___ ENTRIES SUPPLIED

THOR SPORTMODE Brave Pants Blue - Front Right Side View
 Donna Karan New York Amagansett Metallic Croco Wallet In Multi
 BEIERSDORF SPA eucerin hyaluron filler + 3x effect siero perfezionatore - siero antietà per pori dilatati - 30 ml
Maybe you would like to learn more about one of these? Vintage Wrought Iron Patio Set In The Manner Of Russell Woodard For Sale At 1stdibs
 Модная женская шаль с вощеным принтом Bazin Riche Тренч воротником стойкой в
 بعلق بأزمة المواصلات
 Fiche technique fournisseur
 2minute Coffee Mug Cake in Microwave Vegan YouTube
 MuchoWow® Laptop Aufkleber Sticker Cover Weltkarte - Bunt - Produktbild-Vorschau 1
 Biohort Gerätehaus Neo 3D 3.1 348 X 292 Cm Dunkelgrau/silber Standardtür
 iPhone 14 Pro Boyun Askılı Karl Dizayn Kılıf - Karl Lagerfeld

______

WORK ITEM
Starting from the line with "2minute Coffee Mug" and ending with the final line of the data, quote every line exactly, both ends included.

ANSWER TO THIS PROBLEM
 2minute Coffee Mug Cake in Microwave Vegan YouTube
 MuchoWow® Laptop Aufkleber Sticker Cover Weltkarte - Bunt - Produktbild-Vorschau 1
 Biohort Gerätehaus Neo 3D 3.1 348 X 292 Cm Dunkelgrau/silber Standardtür
 iPhone 14 Pro Boyun Askılı Karl Dizayn Kılıf - Karl Lagerfeld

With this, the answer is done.